Class II phosphatidylinositol 3-kinases (PI3Ks) are a subfamily of lipid kinases that specifically phosphorylate the 3-hydroxyl group of the inositol ring in phosphatidylinositol (PI), creating PI 3-phosphate (PI(3)P). These enzymes play crucial roles in various cellular processes, including membrane trafficking, autophagy, and metabolism. Unlike Class I PI3Ks, which are activated by receptor tyrosine kinases and G protein-coupled receptors, Class II PI3Ks are primarily regulated by intracellular signals and interact with various proteins involved in membrane dynamics. There are three isoforms of Class II PI3Ks: PI3K-C2α, PI3K-C2β, and PI3K-C2γ, encoded by the genes PIP5K1A, PIP5K1B, and PIP5K2B, respectively. These isoforms exhibit distinct subcellular localization patterns and substrate preferences, contributing to their unique functions in cell signaling and regulation.

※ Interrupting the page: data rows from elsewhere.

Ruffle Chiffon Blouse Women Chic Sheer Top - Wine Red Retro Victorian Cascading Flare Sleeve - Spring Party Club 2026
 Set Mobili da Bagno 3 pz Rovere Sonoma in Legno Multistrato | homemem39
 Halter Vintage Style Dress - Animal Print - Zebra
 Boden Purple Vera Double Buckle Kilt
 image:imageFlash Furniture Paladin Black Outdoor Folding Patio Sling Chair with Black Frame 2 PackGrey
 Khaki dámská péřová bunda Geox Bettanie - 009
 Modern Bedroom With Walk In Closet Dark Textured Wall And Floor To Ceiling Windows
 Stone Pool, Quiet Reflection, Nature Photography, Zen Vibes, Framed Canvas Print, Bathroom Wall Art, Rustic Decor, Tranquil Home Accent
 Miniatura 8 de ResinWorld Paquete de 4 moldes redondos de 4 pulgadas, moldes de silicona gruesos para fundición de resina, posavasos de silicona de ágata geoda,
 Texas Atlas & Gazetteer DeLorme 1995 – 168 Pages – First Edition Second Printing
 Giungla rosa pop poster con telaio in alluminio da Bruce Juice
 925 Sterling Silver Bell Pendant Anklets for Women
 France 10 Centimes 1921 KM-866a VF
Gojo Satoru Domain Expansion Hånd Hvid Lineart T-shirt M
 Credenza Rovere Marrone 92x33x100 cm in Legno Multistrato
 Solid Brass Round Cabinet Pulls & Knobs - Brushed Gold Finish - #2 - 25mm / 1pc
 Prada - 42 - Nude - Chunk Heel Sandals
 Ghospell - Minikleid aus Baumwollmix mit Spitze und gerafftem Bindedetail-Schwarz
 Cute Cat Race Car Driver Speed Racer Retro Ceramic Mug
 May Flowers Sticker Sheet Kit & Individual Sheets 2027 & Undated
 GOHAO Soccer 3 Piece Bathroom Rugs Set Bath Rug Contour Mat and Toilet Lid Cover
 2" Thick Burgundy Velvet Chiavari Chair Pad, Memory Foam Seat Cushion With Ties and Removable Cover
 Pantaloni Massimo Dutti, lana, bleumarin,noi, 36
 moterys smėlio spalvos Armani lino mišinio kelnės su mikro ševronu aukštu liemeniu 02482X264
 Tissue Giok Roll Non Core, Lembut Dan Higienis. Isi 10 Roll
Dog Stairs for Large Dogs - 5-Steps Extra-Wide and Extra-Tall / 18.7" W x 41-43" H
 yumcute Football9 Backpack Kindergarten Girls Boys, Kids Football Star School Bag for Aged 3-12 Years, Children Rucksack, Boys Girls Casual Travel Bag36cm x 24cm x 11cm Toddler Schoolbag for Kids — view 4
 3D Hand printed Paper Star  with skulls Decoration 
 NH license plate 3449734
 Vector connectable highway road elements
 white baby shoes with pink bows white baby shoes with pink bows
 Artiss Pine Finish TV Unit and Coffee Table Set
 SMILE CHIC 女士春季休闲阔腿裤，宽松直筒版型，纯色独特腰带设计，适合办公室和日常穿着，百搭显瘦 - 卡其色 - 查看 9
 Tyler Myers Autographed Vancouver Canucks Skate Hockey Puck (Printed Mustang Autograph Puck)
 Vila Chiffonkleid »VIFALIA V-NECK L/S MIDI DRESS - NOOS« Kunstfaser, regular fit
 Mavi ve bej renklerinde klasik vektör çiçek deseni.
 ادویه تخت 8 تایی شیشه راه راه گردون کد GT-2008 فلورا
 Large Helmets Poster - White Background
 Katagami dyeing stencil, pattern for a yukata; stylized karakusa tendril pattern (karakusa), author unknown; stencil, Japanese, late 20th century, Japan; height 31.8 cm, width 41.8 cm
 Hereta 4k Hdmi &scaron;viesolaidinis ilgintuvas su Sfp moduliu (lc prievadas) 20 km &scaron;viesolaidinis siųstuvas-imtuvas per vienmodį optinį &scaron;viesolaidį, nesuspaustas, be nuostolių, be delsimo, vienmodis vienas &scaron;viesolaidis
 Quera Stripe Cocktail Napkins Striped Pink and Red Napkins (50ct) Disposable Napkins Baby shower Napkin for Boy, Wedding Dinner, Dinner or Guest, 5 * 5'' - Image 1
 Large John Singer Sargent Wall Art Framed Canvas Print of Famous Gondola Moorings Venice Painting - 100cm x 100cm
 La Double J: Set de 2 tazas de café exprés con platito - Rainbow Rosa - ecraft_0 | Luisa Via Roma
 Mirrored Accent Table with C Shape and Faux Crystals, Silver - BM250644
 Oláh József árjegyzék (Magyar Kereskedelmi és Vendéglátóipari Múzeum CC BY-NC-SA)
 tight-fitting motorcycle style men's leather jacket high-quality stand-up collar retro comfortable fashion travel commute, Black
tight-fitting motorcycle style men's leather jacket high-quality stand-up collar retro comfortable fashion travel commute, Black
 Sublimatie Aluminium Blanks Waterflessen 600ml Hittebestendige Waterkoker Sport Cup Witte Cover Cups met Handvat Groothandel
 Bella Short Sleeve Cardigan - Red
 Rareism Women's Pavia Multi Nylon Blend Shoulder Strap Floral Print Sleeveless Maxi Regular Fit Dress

1-Phosphatidylinositol 4-Kinase (PI4K) is a type of enzyme that belongs to the family of kinases, which are enzymes that transfer phosphate groups from high-energy donor molecules to specific target proteins or lipids in the cell. PI4K specifically phosphorylates the 4th position on the inositol ring of phosphatidylinositol (PI), a type of phospholipid found in the cell membrane, converting it to phosphatidylinositol 4-phosphate (PI4P).

PI4K has several isoforms, including PI4K alpha, beta, gamma, and delta, which are located in different cellular compartments and play distinct roles. For example, PI4K alpha and beta are primarily involved in vesicle trafficking and Golgi function, while PI4K gamma and delta are associated with the plasma membrane and regulate ion channels and other signaling pathways.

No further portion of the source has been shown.